## Task data

========================================================================

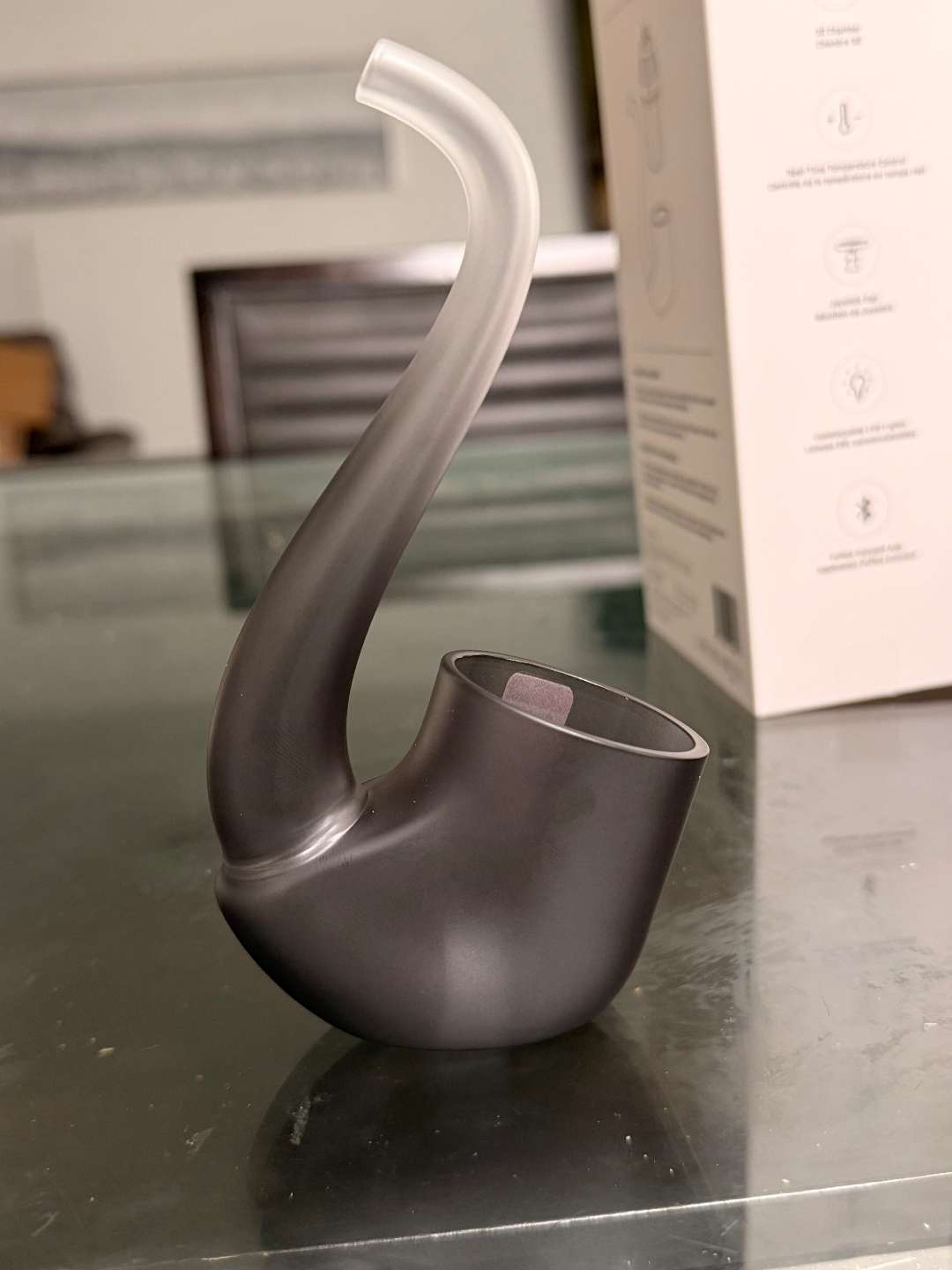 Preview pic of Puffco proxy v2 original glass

========================================================================

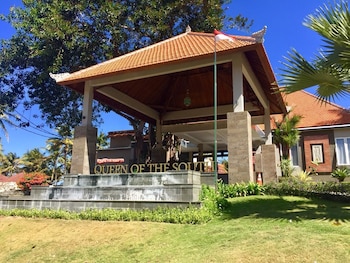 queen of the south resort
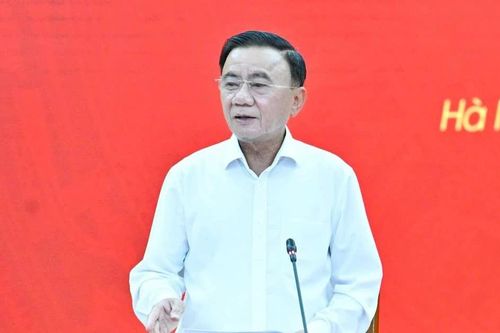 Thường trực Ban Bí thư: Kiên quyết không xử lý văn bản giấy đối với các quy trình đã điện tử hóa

========================================================================

## Problem requirements
Of the lines above, quote exactly those from the one with "queen of the south resort" through the one with "Thường trực Ban", ends included; pictures stay out.

## Response to the exercise
 queen of the south resort
 Thường trực Ban Bí thư: Kiên quyết không xử lý văn bản giấy đối với các quy trình đã điện tử hóa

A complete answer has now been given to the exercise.